* ACTION ITEM
What the answer must hold is the line containing "The Roadster Lifestyle" and all lines after it through the end of the listing, copied exactly, with pictures left out.

(INFORMATION SHOWN Opens)

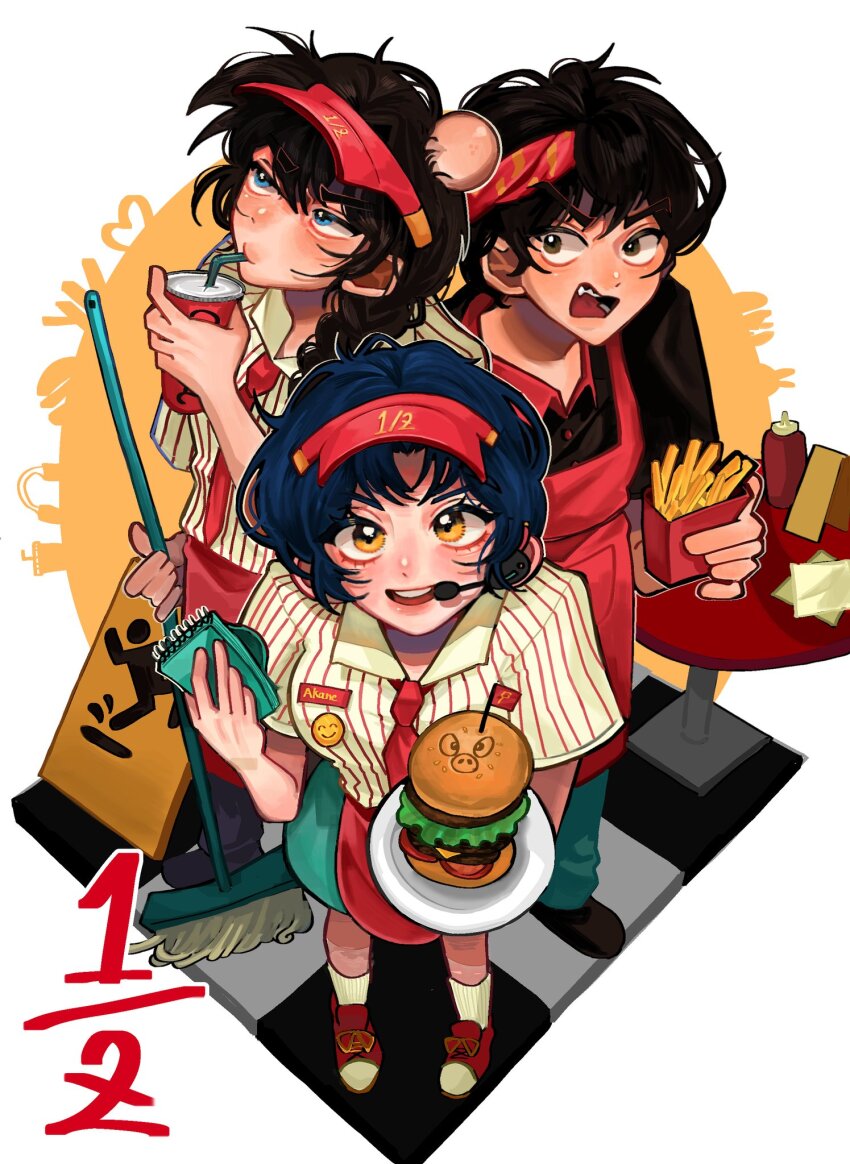 1girl 2boys blue_hair burger character_name cute_ass0_0 employee_uniform fast_food_uniform food french_fries hibiki_ryouga highres multiple_boys necktie open_mouth p-chan ranma_1/2 saotome_ranma short_hair skirt standing teeth tendou_akane upper_teeth_only waitress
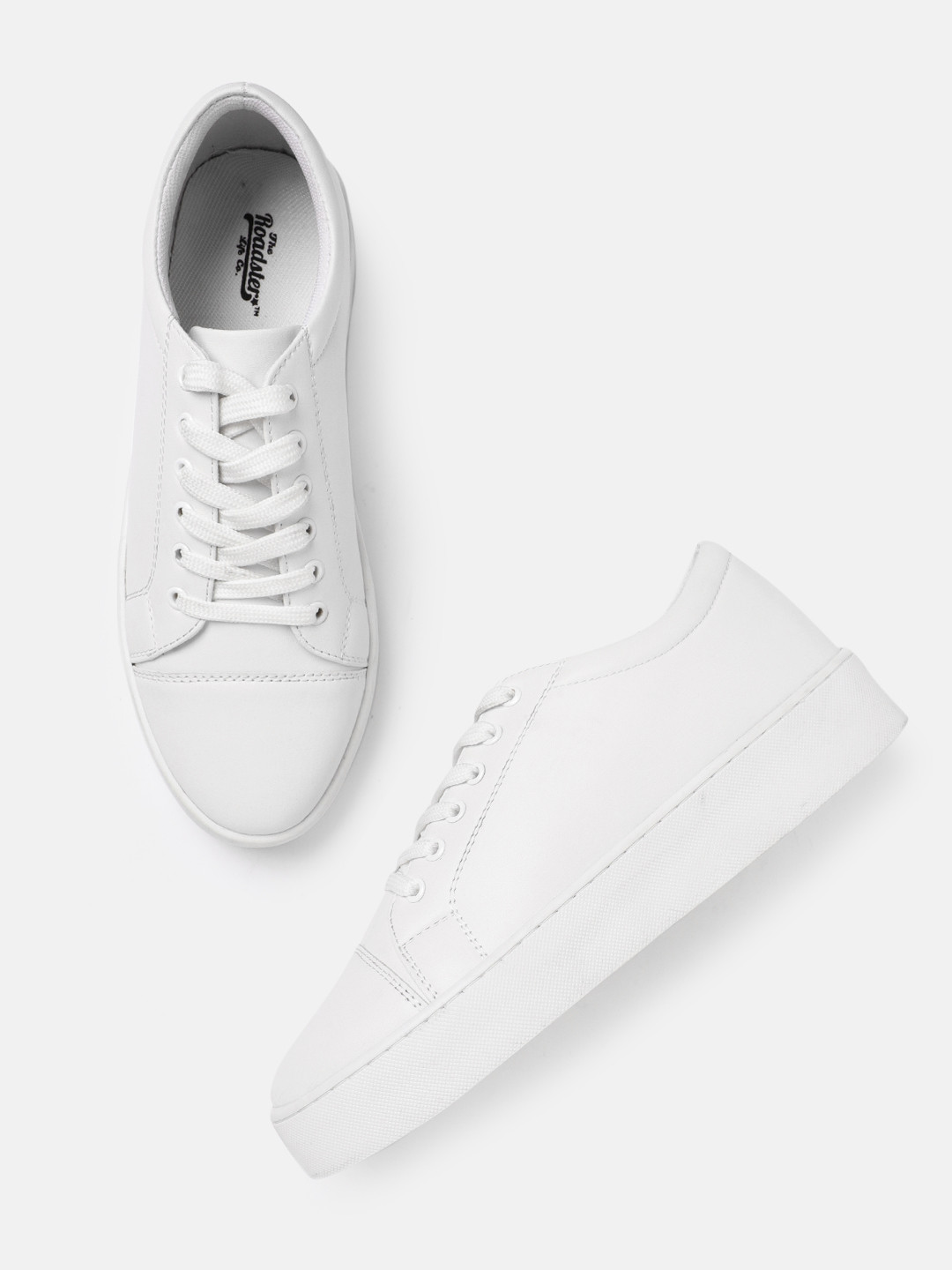 

The Roadster Lifestyle Co Women White Solid Flatform Sneakers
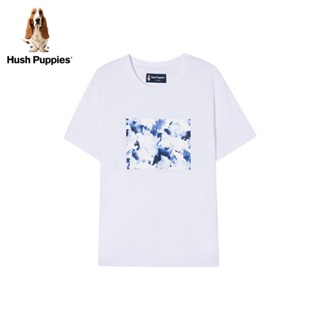 HUSH PUPPIES เสื้อยืดแขนสั้น พิมพ์ลายลูกสุนัข แบบสวมหัว แบบเรียบง่าย แฟชั่นฤดูร้อน สําหรับผู้ชาย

(INFORMATION SHOWN Closes)

* SOLUTION FOR THIS PROBLEM
The Roadster Lifestyle Co Women White Solid Flatform Sneakers
 HUSH PUPPIES เสื้อยืดแขนสั้น พิมพ์ลายลูกสุนัข แบบสวมหัว แบบเรียบง่าย แฟชั่นฤดูร้อน สําหรับผู้ชาย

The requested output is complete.